The **goal** for this exercise is to measure the average differences between the different penguin species and determine which species are the most similar/different.

In [32]:
import pandas as pd
from scipy.spatial.distance import pdist, squareform

In [None]:
data_url =  "https://raw.githubusercontent.com/mcnakhaee/palmerpenguins/refs/heads/master/palmerpenguins/data/penguins.csv"
penguins = pd.read_csv(data_url)
speciesList = penguins["species"].unique()

### Preprocessing
What attributes do we need to compare penguin breeds in the dataset?

- bill_length_mm
- bill_depth_mm
- flipper_length_mm
- body_mass_g
- Species (because we need that as a label)

_Note_: to pull out all the rows for a given column in Pandas, we use the following syntax
df[["attr1", "attr2", ..., "attrn"]]

In [None]:
attrs = ["species", "bill_length_mm", "bill_depth_mm", "flipper_length_mm", "body_mass_g"]
phys_attrs = penguins[attrs]

phys_attrs

_Note_: there are some NaN values present in the output.

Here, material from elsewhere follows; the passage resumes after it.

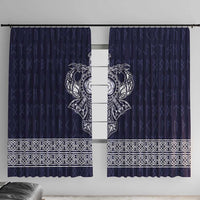 Vikings from Yorkshire Window Curtain Blue Spirit of Jorvik - Wonder Print Shop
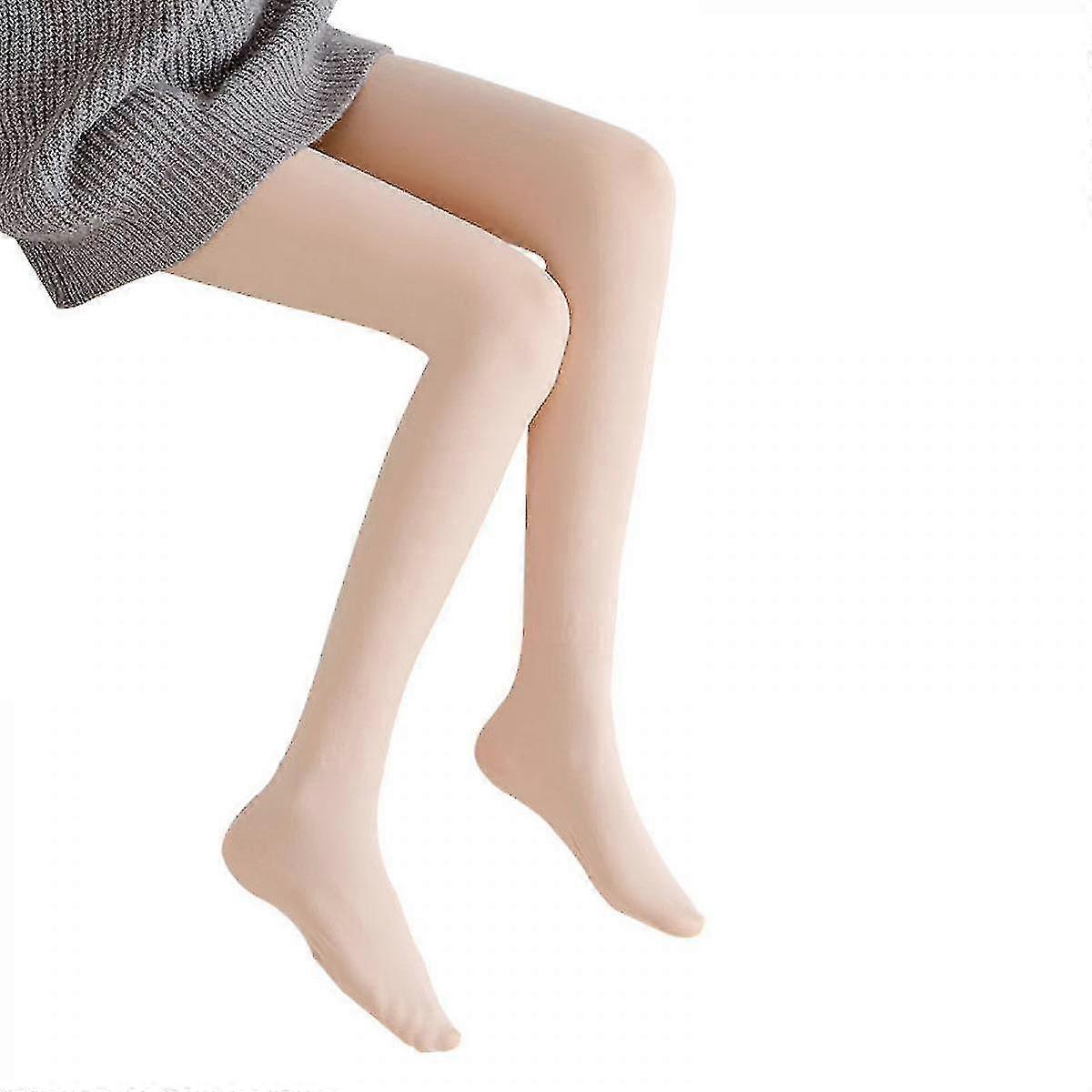 شفاف دافئ الصوف جوارب طويلة المرأة الصوف مبطن سميكة جوارب طويلة لون الجلد، 300G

These can be removed with `.dropna()`, though  dropping NaN values isn't always the right thing to do for a dataset.

In [None]:
# The NaN values can be removed
phys_attrs = phys_attrs.dropna()

phys_attrs

### Summarize the penguins by species
Since we want to measure the difference between the penguin species as a whole, we want to calculate the average of each attribute per species. (No for-loops required)

Breakdown of code:
- `groupby` allows you to perform an operation on a group of rows, according to an attribute
- `mean` is just the average (can be swapped out with `min`, `max`, or `median`)

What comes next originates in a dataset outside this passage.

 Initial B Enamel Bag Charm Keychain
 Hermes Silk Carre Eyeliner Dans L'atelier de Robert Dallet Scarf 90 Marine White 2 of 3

_Note_: Species is an **key** that identifies individual **tuples**

In [None]:
avg_pen_attr = phys_attrs.groupby("species").mean
avg_pen_attr

### Calculate our distances
We convert our tabular data to a matrix. Each row of the matrix represents one of the species in a four dimensional space.

In [None]:
avg_pen_mat = avg_pen_attr.values
pen_dist = pdist(avg_pen_mat, metric="euclidean")
pen_dist_mat = squareform(pen_dist)

pen_dist_mat

Cliff Hanger: this data still needs to be **normalized**!